To conclude, research on identity and agency in SLA—and in many related areas of academia— has made tremendous strides in recent years. This work is now having a major impact on subfields of SLA that previously looked at identity in more simplistic or categorical terms. Identity research now goes well beyond issues of ethnic or linguistic affiliation to other social factors, including gender, race, sexuality, transnationalism, and extends to digital or textual identities. Identity categories once seen as relatively monolithic are now being viewed as much more differentiated, variable, and socially and temporally constructed than before (e.g., non-native speaker, refugee, Generation 1.5 learner, heritage-language learner, Japanese female learner, immigrant). With future research combining approaches to identity that include the multiple facets of learners’ languages, lives, and modes of expression, SLA research will be enriched and transformed.
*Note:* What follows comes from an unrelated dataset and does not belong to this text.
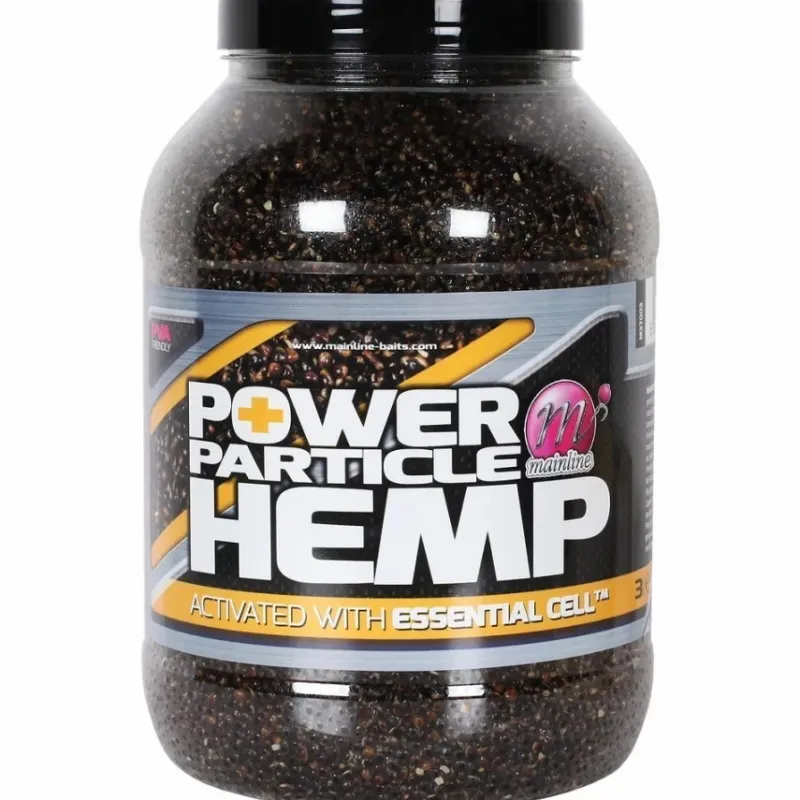 Carp Mainline Bait & Additives * Power Particle Hemp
Finally, as researchers with more intimate knowledge about the symbolic (linguistic, textual, cultural) resources and social/cultural practices, traditions, and linguistic ecologies of different communities of language learners become trained in applied linguistics, our understanding of the creativity and resourcefulness of language users internationally—their symbolic competence—will increase exponentially (see, e.g., Kramsch and Whiteside, 2008).
* I thank Alison Mackey, graduate students at Georgetown University and the University of British Columbia, and anonymous reviewers for their helpful suggestions on an earlier version of this chapter.